§ Work task
For the data below, retype word for word the lines from the one containing "GH Bass & Co" through the one containing "A detailed patriotic"; drop the pictures.

§ Data under study

↓↓↓

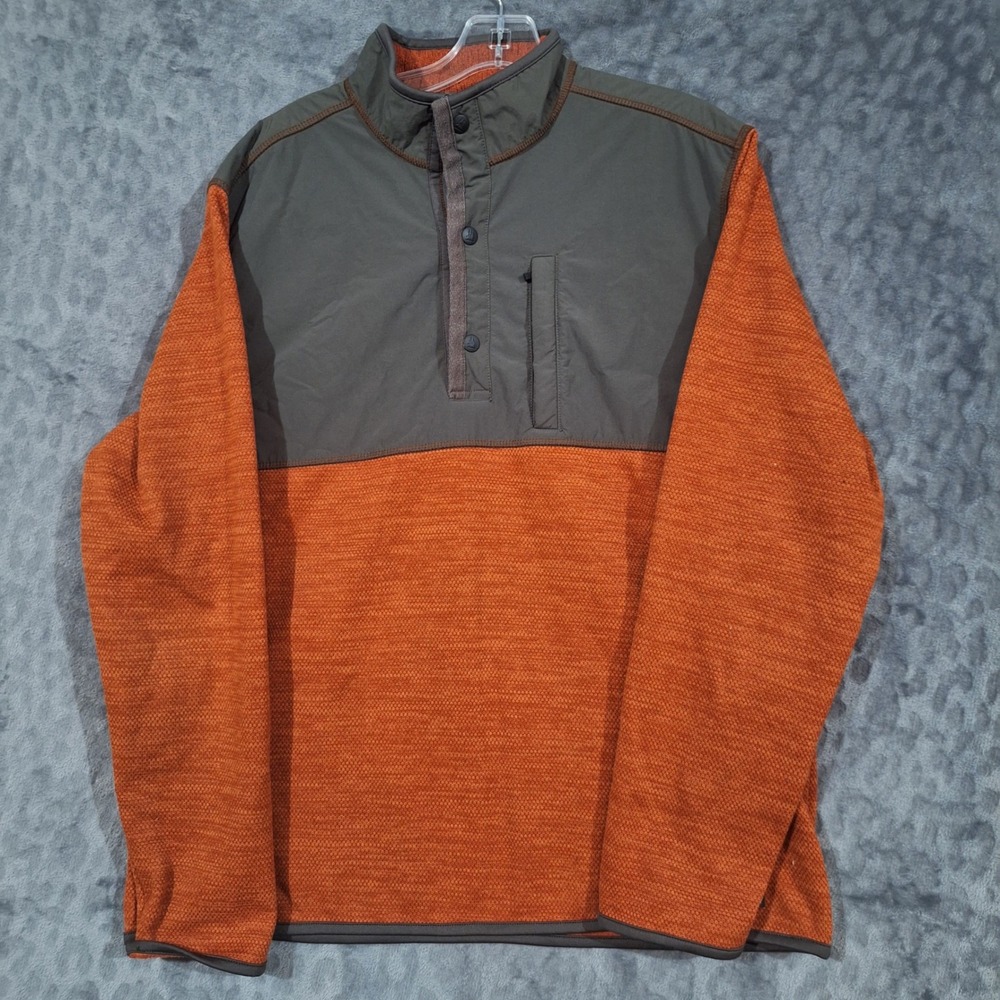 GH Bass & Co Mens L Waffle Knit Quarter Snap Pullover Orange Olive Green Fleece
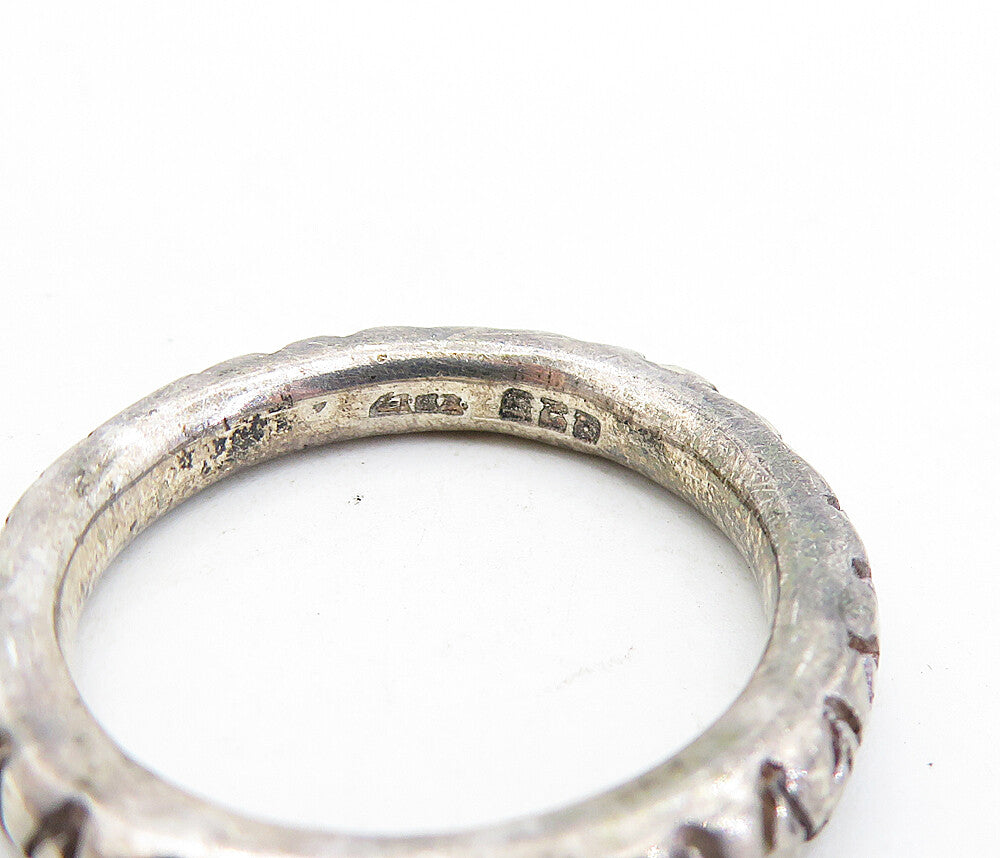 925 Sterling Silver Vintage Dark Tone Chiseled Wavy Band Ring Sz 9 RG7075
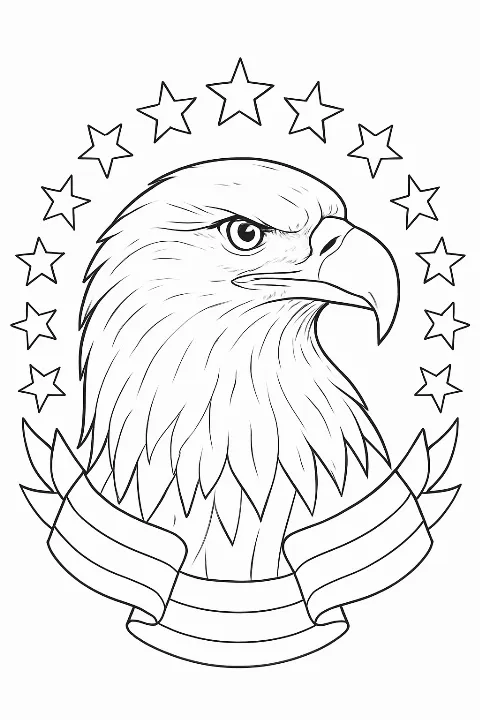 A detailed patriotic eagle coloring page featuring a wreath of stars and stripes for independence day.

↑↑↑
↓↓↓

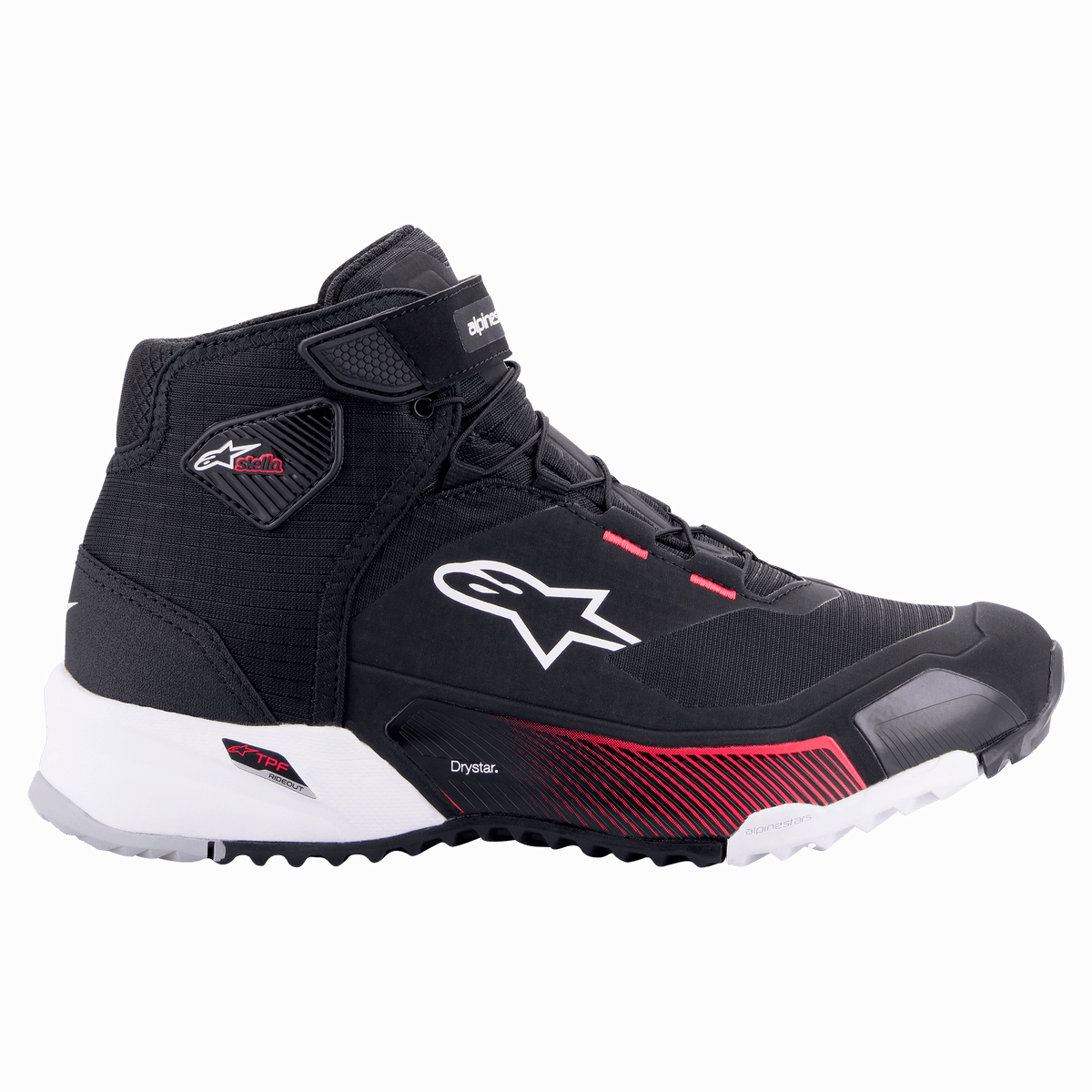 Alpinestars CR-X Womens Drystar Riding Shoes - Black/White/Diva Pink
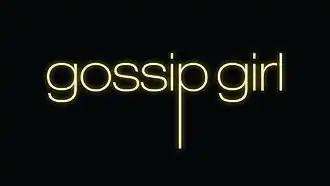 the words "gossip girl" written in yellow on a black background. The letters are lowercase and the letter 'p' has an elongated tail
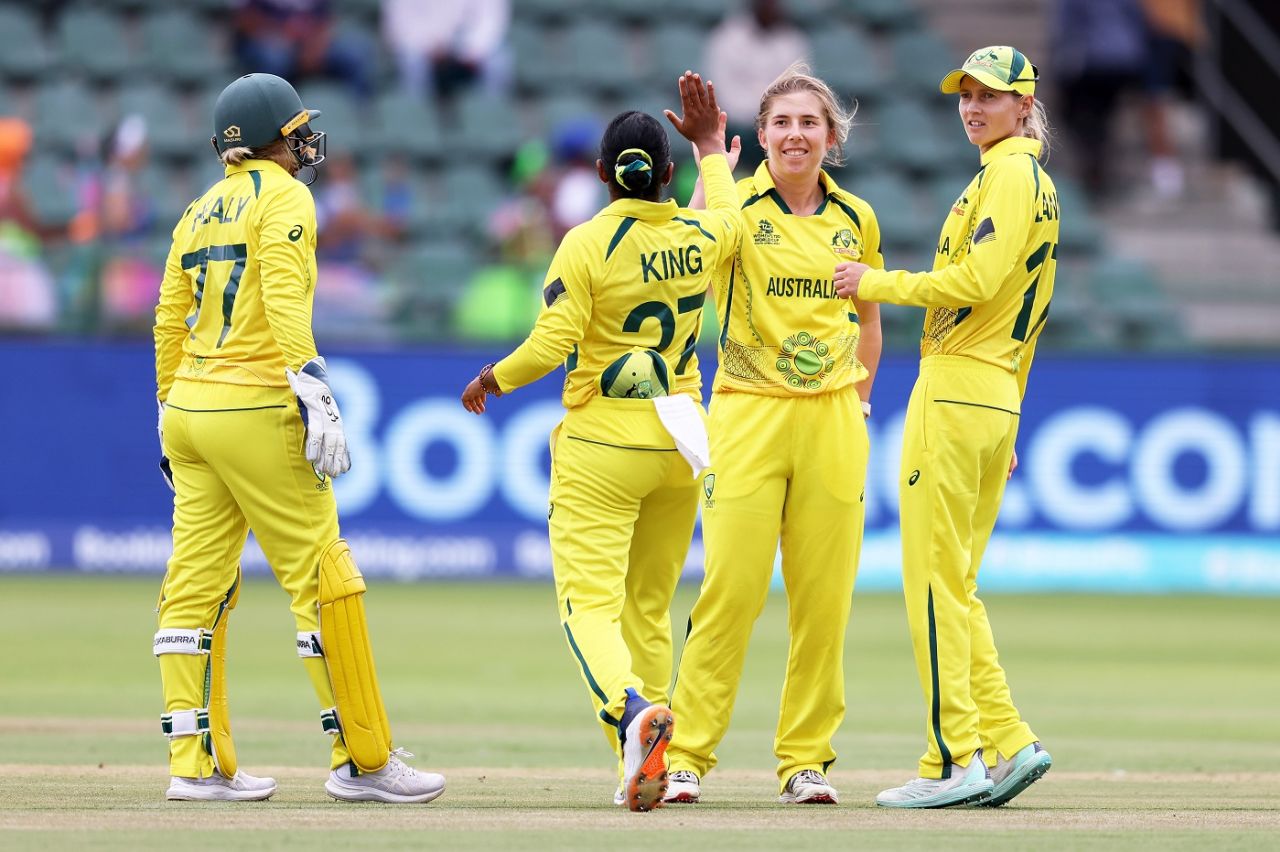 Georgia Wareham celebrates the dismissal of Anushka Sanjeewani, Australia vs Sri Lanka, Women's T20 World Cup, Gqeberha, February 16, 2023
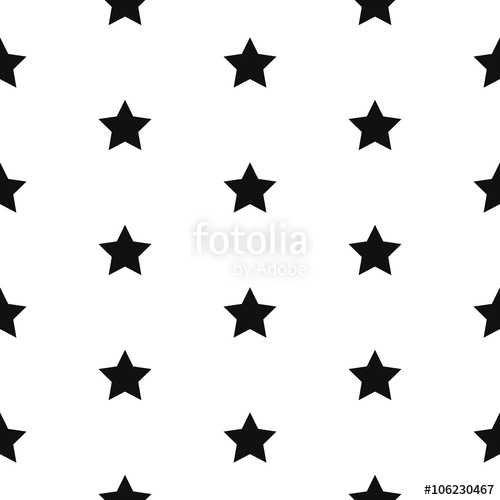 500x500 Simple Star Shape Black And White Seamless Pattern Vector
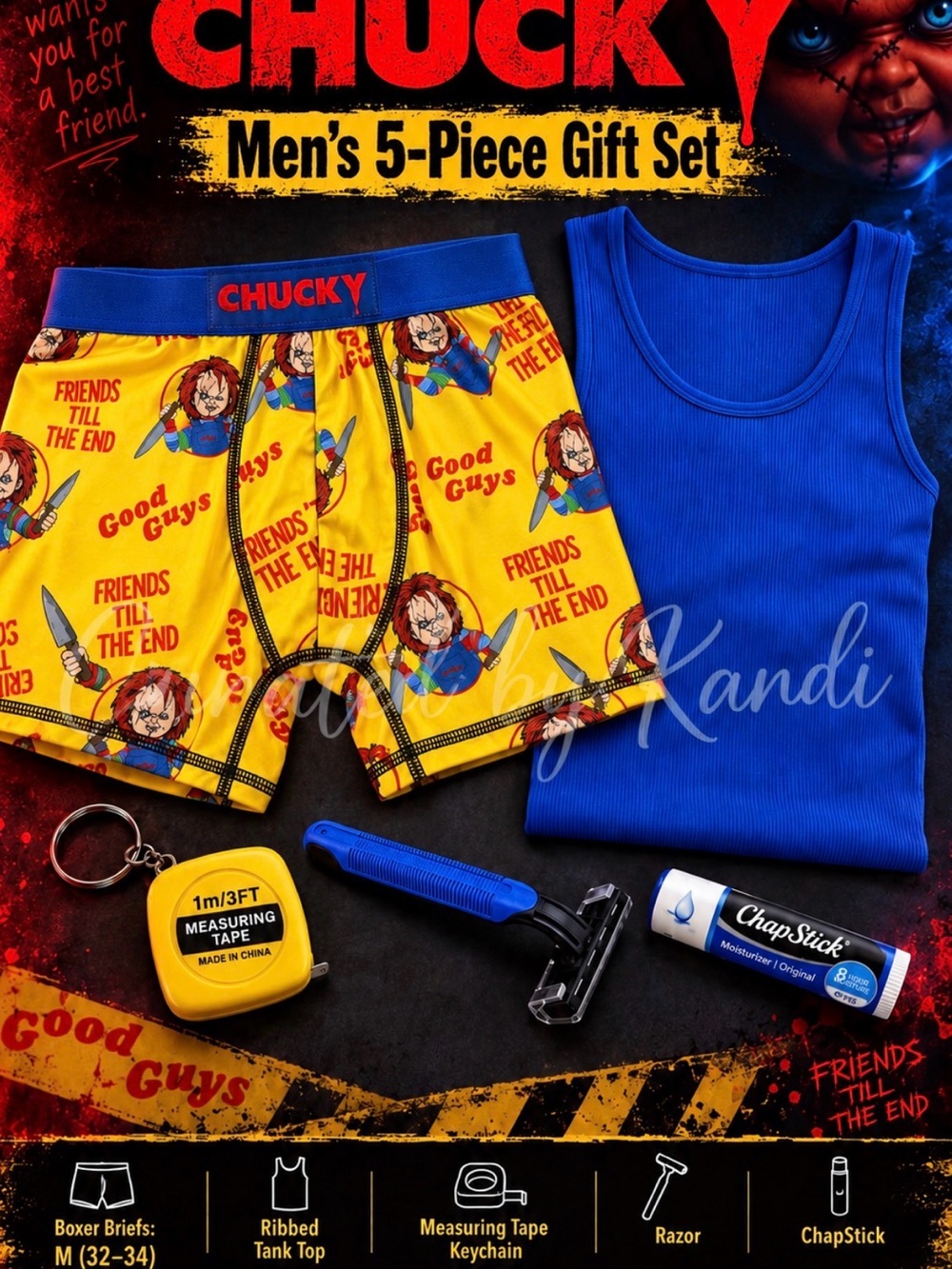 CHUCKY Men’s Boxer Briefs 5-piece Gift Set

↑↑↑

§ Output for this task
 GH Bass & Co Mens L Waffle Knit Quarter Snap Pullover Orange Olive Green Fleece
 925 Sterling Silver Vintage Dark Tone Chiseled Wavy Band Ring Sz 9 RG7075
 A detailed patriotic eagle coloring page featuring a wreath of stars and stripes for independence day.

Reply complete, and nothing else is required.